Athens, Ga. – Television is in the throes of “transition and confusion,” according to a report just released by the Peabody Awards in the wake of its inaugural University of Georgia Peabody/Loyless Seminar which assessed the state of TV.

The report encapsulates the observations, analysis and suggestions of a group of distinguished communications scholars and television critics gathered by Peabody Awards director Horace Newcomb in October at UGA’s Peabody Center for Media and Society.

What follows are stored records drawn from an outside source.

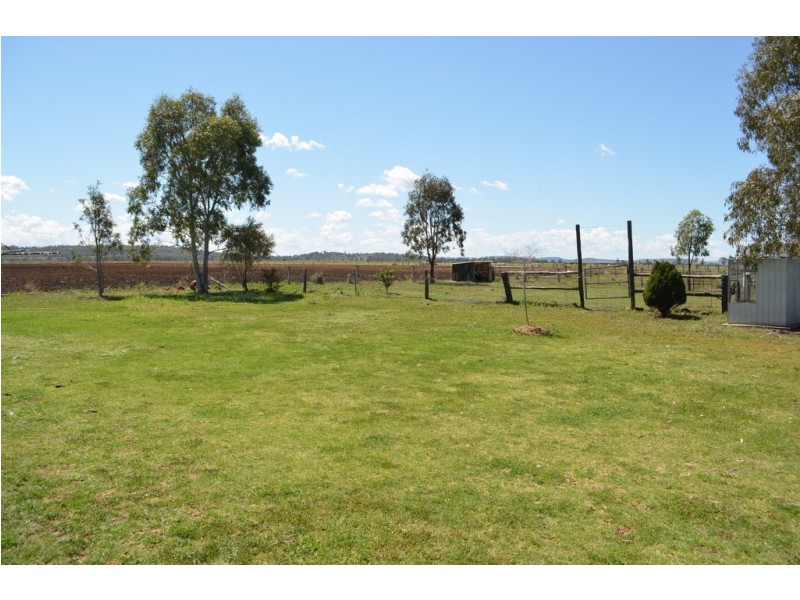 90 Devon Park Road, Oakey QLD 4401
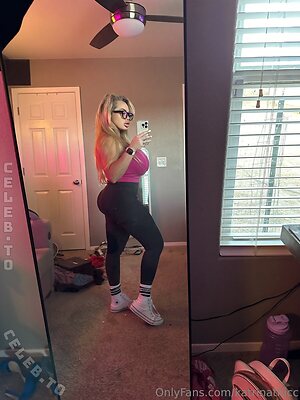 Katrina Thicc Nude Leaked Photo #367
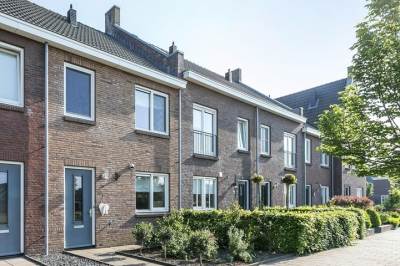 Woning Bloemenweg 9 Dirksland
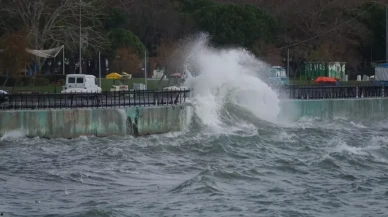 Tekirdağ’da şiddetli lodos: Dalga boyu 4 metreyi buldu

The report, available in full at www.peabody.uga.edu under “Events & News,” describes a radically realigned video environment in which narrowcast niche channels and the World Wide Web have splintered once-massive audiences into sharply defined taste publics whose members define themselves by special interests, leisure preferences, political affiliation or other specific characteristics, and who need never experience content, styles, values or commitments that counter or contradict their own.

Conceding the reality that television will rarely again provide audiences with shared experiences that give them a sense of national community, the Peabody/Loyless report goes on to outline how fragmentation is affecting how and what we get in the way of news, information and entertainment. It also recommends steps that could be taken to bring more common ground – and common good – back to the medium.

Additional points and recommendations found in the report include:

The Peabody/Loyless Seminar and the resulting “State of Television” report will become annual projects for UGA’s Peabody Center for Media and Society. The seminar is made possible by the Donald Loyless Fund, instituted by Augustus Shaw Loyless, in honor of his father. The Loyless Fund established a permanent relationship with the George Foster Peabody Awards in 2005 through the generosity of Helen Loyless.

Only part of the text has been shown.